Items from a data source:
━━━

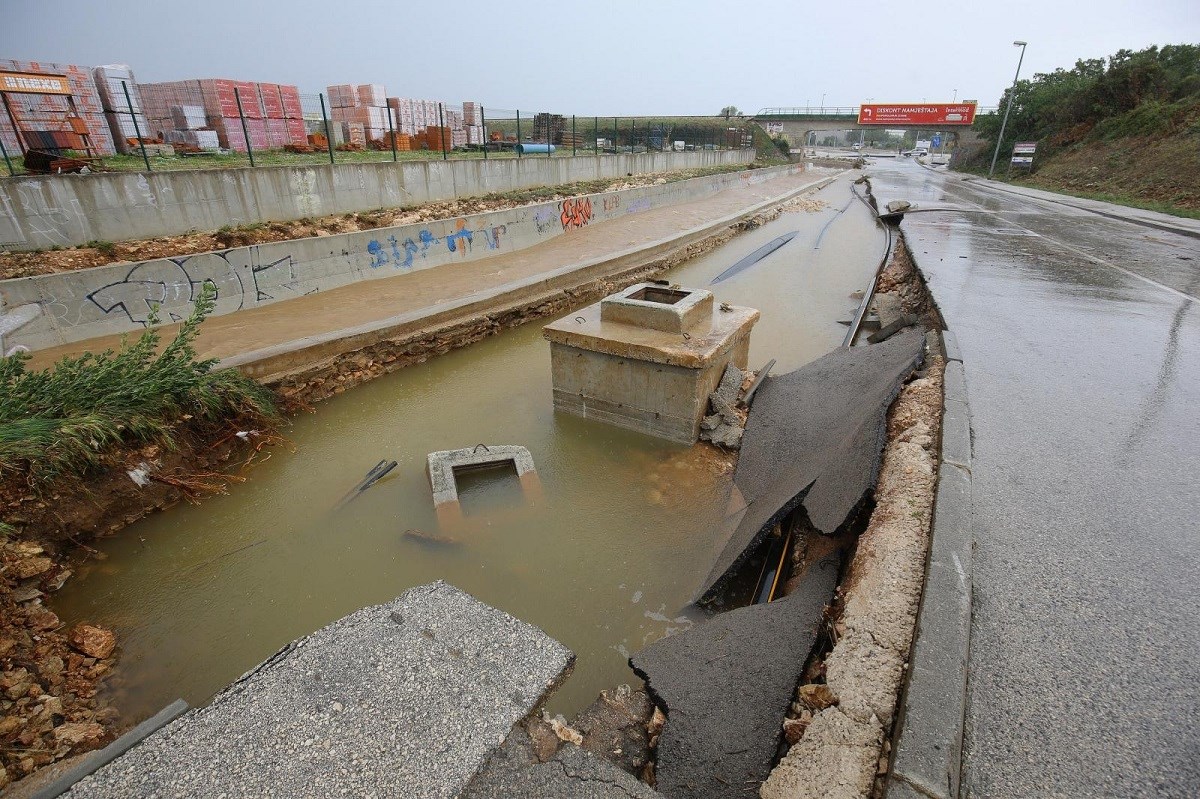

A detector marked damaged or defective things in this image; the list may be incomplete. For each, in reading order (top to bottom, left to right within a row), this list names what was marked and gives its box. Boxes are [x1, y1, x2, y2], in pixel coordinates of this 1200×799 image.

cracked asphalt [872, 159, 1200, 796]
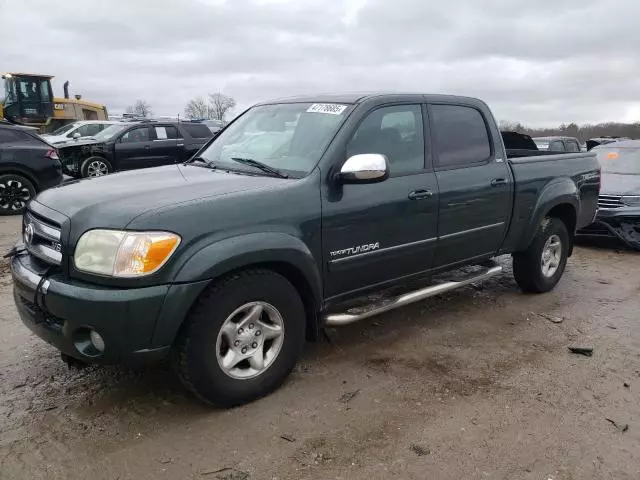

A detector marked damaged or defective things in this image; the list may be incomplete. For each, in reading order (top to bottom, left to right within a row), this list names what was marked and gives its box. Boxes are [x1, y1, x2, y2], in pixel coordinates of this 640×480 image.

damaged car [576, 139, 640, 249]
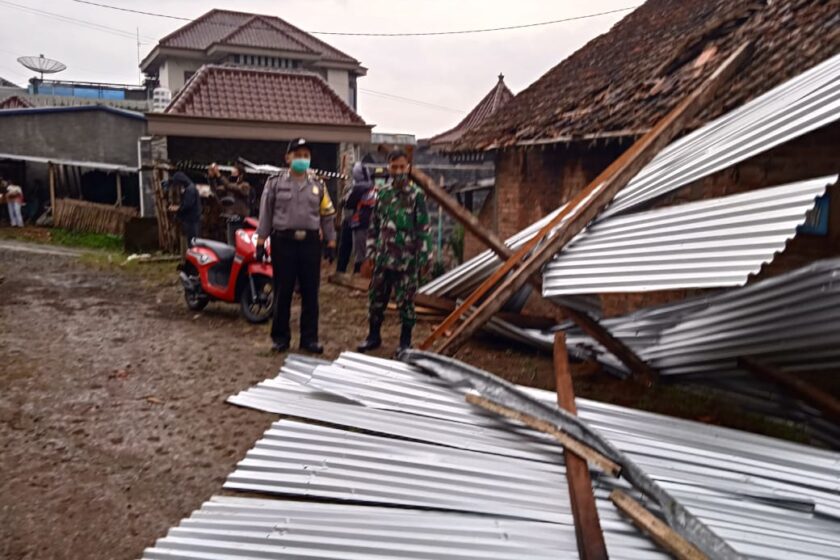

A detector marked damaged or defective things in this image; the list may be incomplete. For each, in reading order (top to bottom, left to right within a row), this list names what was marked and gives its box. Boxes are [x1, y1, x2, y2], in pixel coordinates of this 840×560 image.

broken wooden plank [436, 44, 752, 358]
broken wooden plank [740, 356, 840, 422]
broken wooden plank [462, 392, 620, 474]
broken wooden plank [556, 332, 608, 560]
broken wooden plank [612, 490, 708, 560]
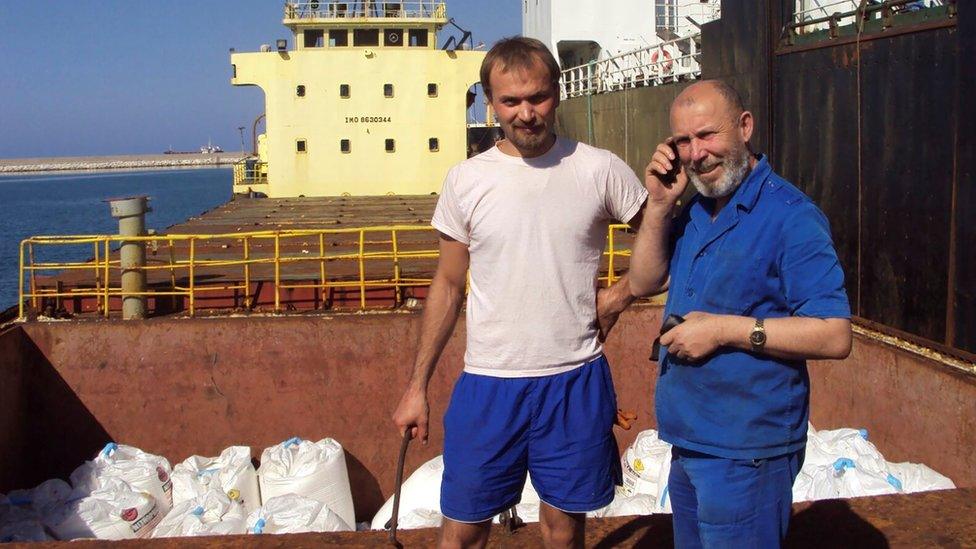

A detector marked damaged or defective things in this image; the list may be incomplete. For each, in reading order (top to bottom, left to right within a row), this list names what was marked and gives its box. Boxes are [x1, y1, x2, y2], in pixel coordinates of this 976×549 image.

rusty cargo hold wall [556, 0, 976, 358]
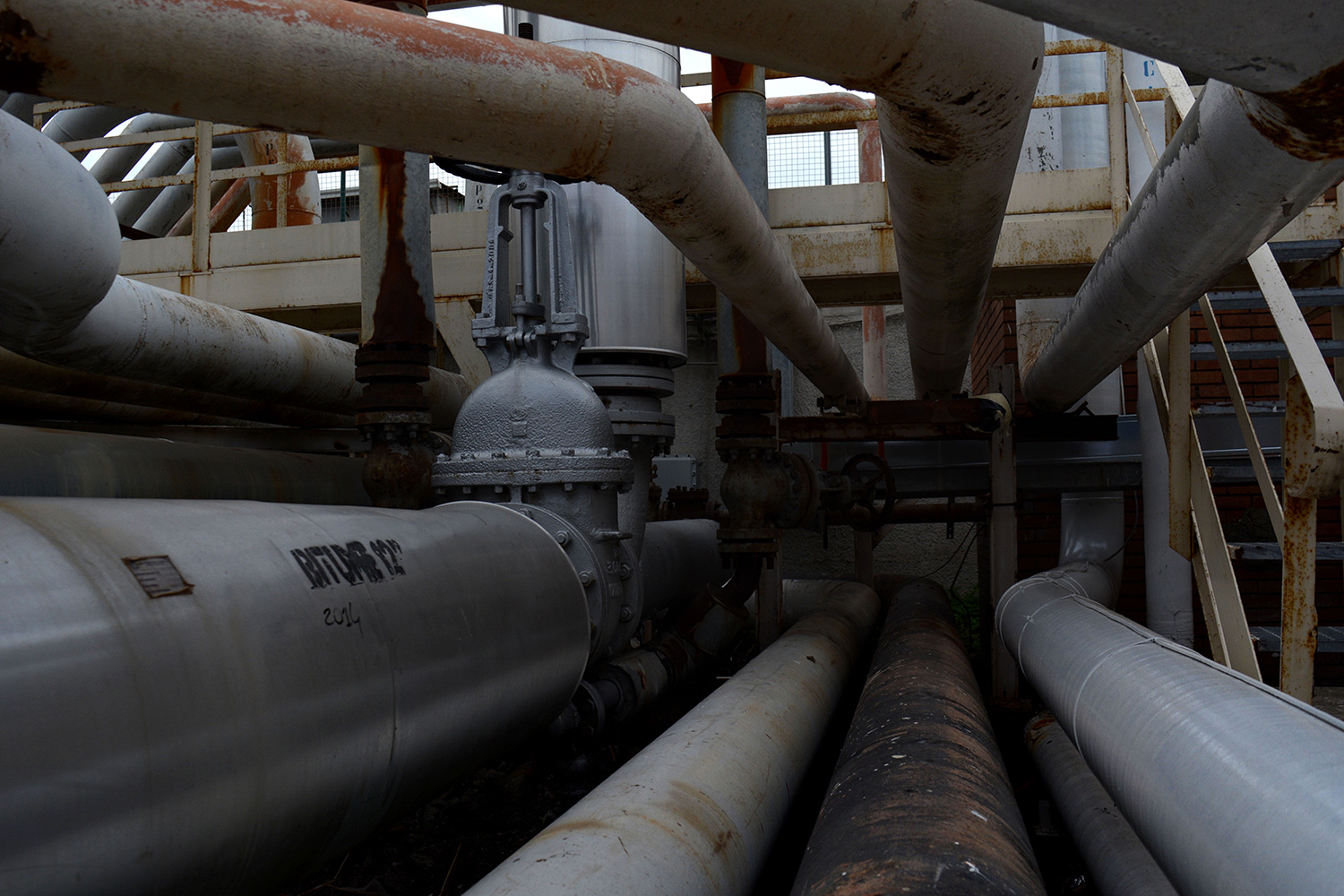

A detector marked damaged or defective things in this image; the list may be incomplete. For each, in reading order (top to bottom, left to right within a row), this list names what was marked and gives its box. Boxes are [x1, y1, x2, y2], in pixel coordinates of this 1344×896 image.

rusty pipe [0, 0, 871, 410]
rusty pipe [468, 0, 1043, 400]
rusty pipe [1016, 79, 1344, 410]
rusty pipe [462, 582, 882, 896]
rusty pipe [790, 577, 1043, 896]
rusty pipe [1027, 719, 1177, 896]
rusty pipe [1000, 561, 1344, 896]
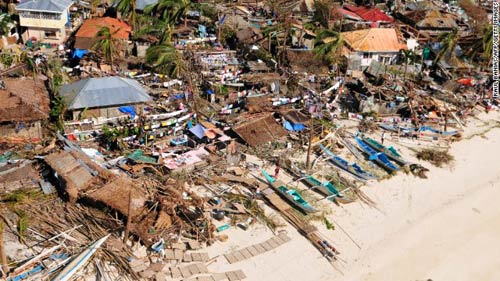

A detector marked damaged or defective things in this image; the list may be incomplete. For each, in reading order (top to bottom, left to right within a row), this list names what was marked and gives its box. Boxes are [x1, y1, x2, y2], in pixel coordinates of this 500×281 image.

rusted roof sheet [340, 28, 406, 52]
rusted roof sheet [0, 76, 49, 121]
damaged house [0, 76, 49, 140]
rusted roof sheet [232, 112, 288, 145]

━━━

Exercise prompt » Every line from the one containing "this 1344×896 image." through the end of the records is to be returned exactly, and those lines alone; pictures are dropped.

Response to this task »
A detector marked damaged or defective things in this image; the list may be incomplete. For each, in reading order (top to bottom, left to right within a row), this list names what was marked and gives its box. Boxes are [x1, y1, x2, y2], in pixel coordinates of this 1344×896 image.

rusty pipe [0, 0, 871, 410]
rusty pipe [468, 0, 1043, 400]
rusty pipe [1016, 79, 1344, 410]
rusty pipe [462, 582, 882, 896]
rusty pipe [790, 577, 1043, 896]
rusty pipe [1027, 719, 1177, 896]
rusty pipe [1000, 561, 1344, 896]

A detector marked damaged or defective things in this image; the list may be incomplete. For each, in reading order (top to bottom, left to right within a row), this list names what was marked and gives its box. Boxes are [x1, y1, x2, y2], in pixel coordinates of this 500×281 image.

rusted roof sheet [340, 28, 406, 52]
rusted roof sheet [0, 76, 49, 121]
damaged house [0, 76, 49, 140]
rusted roof sheet [232, 112, 288, 145]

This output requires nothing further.